Work to be completed -
Pictures are to be left out; otherwise, copy exactly the lines from the line containing "this 480×320 image." through the end of the data.

Data for review -
· · · · ·

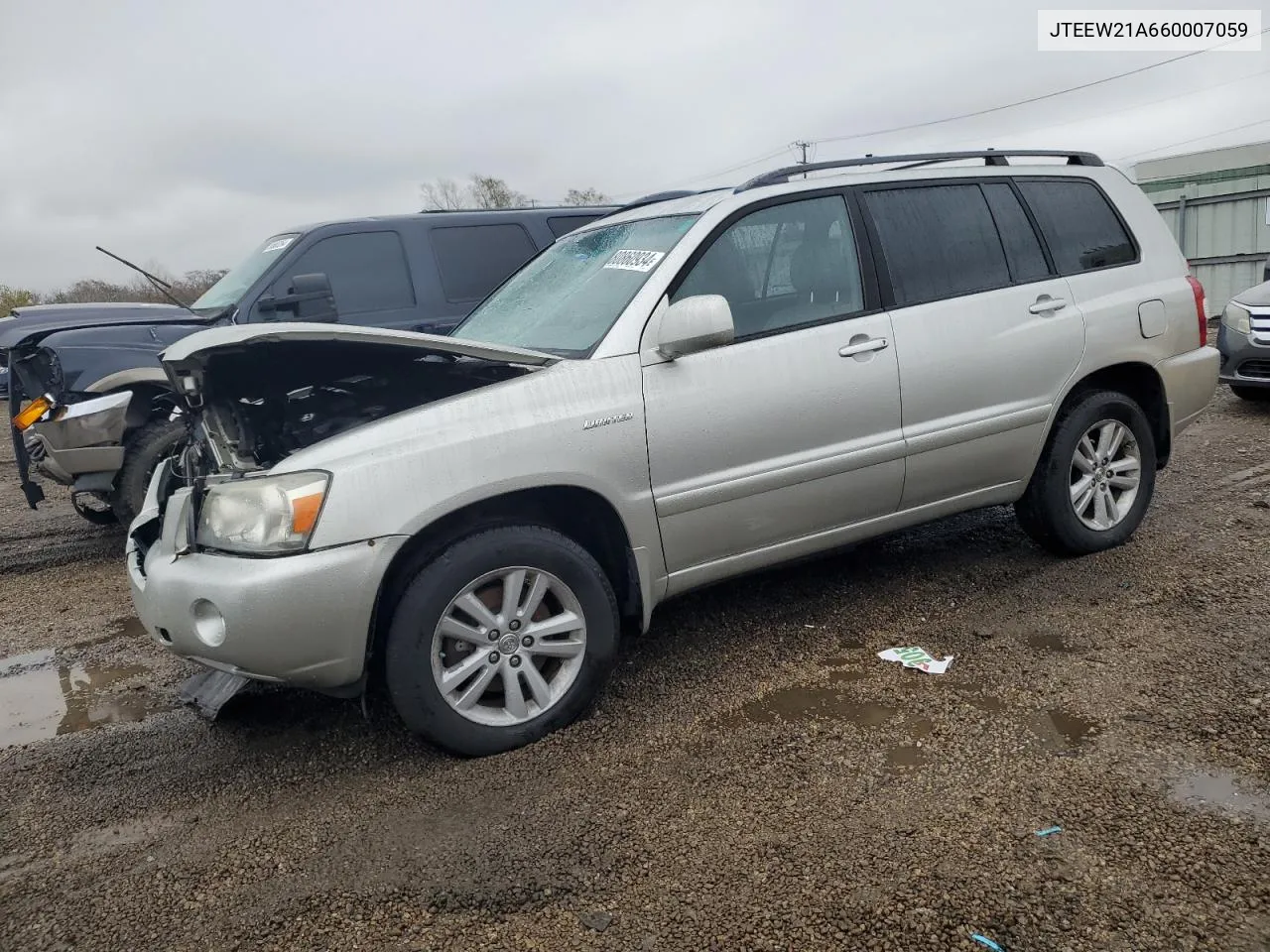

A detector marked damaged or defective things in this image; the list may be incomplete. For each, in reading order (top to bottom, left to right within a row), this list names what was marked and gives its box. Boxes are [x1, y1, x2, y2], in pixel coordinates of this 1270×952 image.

shattered windshield glass [190, 233, 300, 313]
shattered windshield glass [454, 214, 700, 355]
damaged front end [5, 340, 134, 508]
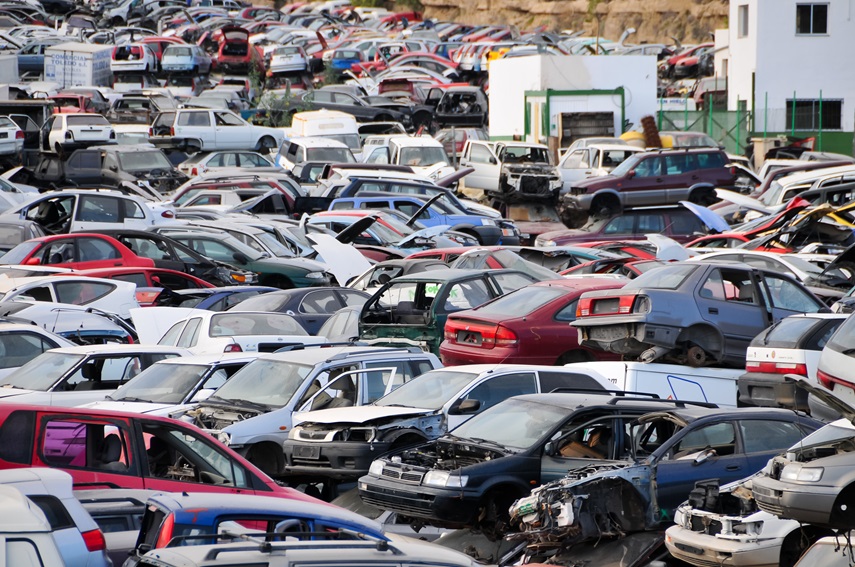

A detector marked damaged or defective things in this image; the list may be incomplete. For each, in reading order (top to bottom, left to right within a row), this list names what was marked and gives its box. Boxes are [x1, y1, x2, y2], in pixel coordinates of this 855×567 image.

damaged vehicle [458, 141, 564, 209]
damaged vehicle [572, 262, 824, 368]
damaged vehicle [168, 346, 442, 480]
detached bumper [280, 440, 392, 480]
broken headlight [368, 462, 384, 480]
detached bumper [356, 472, 482, 524]
broken headlight [422, 470, 468, 488]
damaged vehicle [288, 368, 616, 488]
damaged vehicle [354, 392, 704, 536]
damaged vehicle [508, 408, 824, 560]
damaged vehicle [664, 478, 832, 567]
broken headlight [784, 466, 824, 484]
damaged vehicle [756, 378, 855, 532]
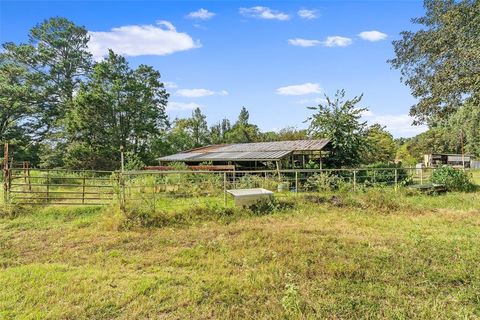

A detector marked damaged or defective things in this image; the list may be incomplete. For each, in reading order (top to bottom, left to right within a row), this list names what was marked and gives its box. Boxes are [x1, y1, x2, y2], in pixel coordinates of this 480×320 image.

rusty metal roof [158, 139, 330, 161]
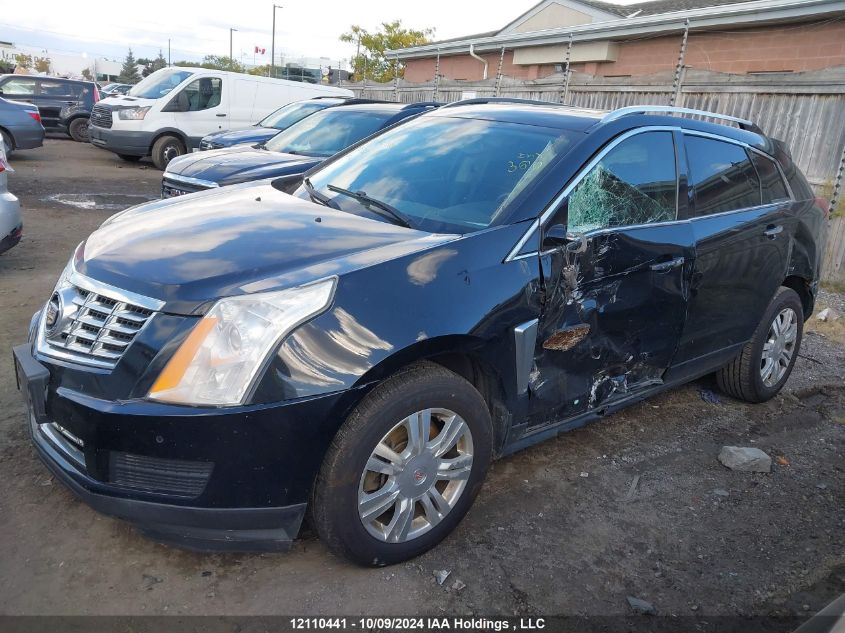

· · · · ·

Output for this task -
A detector marked damaged or defective things in this image; the list may be incomplete. For each, in reading order (top to bottom, left to right within a row), this list names what was marked and gives its box. Boxes are [x1, y1, x2, y2], in pixel coordinates of this 480×320 image.

rusty metal roof [158, 139, 330, 161]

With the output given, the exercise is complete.